In any review of Heartbreak Tango (and their have been many since its initial publication in 1969), one has a certain obligation to talk about the originality of the English version. Usually in book reviews, one or two lines are devoted to the fact of translation. The reviewer will throw in a pithy complement or an equally pointed barb about a supposed “error” of the translator that calls the “faithfulness” (i.e. servility) of the translator into question. Reading and reviewing Heartbreak Tango in English demands a different
kind of attention and an awareness of the subtle dance between author and translator, between the multiple versions of the texts in different languages.
The change in title from the Spanish Boquitas pintadas (Little Painted Mouths) gives us some clue about what has happened in the translation process. As Levine writes in her book on translation The Subversive Scribe: Translating Latin American Fiction, she was finishing up the book and translating lyrics from the popular song Maldito Tango when she stumbled upon the phrase “heartbreak tango” while trying to recreate rhythm and rhyme in the original. The phrase immediately struck her as a title, and, in consultation with Puig (who was a close friend before his death in 1990), made the final decision to go with this creative re-titling.
From the very cover of the book then, this is a translation that asks to be seen, commented and discussed. Having translated a number of the key authors of the Latin American Boom (Julio Cortázar, Adolfo Bioy Casares, Guillermo Cabrera Infante, among others), Suzanne Jill Levine is one of the preeminent translators of literature from Spanish alive today. Luckily for readers, Levine has written numerous texts about her process of translation and also about her relationships with the authors she has translated.

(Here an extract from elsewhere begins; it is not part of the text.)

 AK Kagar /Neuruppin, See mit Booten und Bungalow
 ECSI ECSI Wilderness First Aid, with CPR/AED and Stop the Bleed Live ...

She has even written a fascinating book, Manuel Puig and the Spider Woman, about the author, in which she combines memoir, criticism and biography to create a portrait of the author and her relation with him.
Levine talks about how she recreates the subversiveness of Puig’s text by making subversive decisions around language play, meaning, sound and rhythm. Rather than seeing herself as a faithful scribe, she delights in refashioning the original, retooling it and subverting it. One of the main examples of this is her complete “unfaithfulness” to the “original” verses of tango that start each episode of the book. For example, in Puig’s version, the book begins with the epigraph, “Era…para mí la vida entera…” by Alfredo Le Pera. Levine uses a completely different tango by H. Manzi, explaining in her own book that the original Spanish was so well-known to readers that it would instantly evoke a plethora of emotions that would have been lost on the English-language reader. Thus her decision to begin with “The shadows on the dance floor,/this tango brings sad memories to mind,/let us dance and think no more/ while my satin dress has a chance/to shine like a tear shines.” Levine diverges from a more “literal” translation in order to recreate the play and the emotional force of the original.
Heartbreak Tango is a gorgeous book, and Levine’s skillful reimaginings of Puig’s book allow the English-speaking reader to enter the complicated and rich world of Puig’s provincial Argentine towns.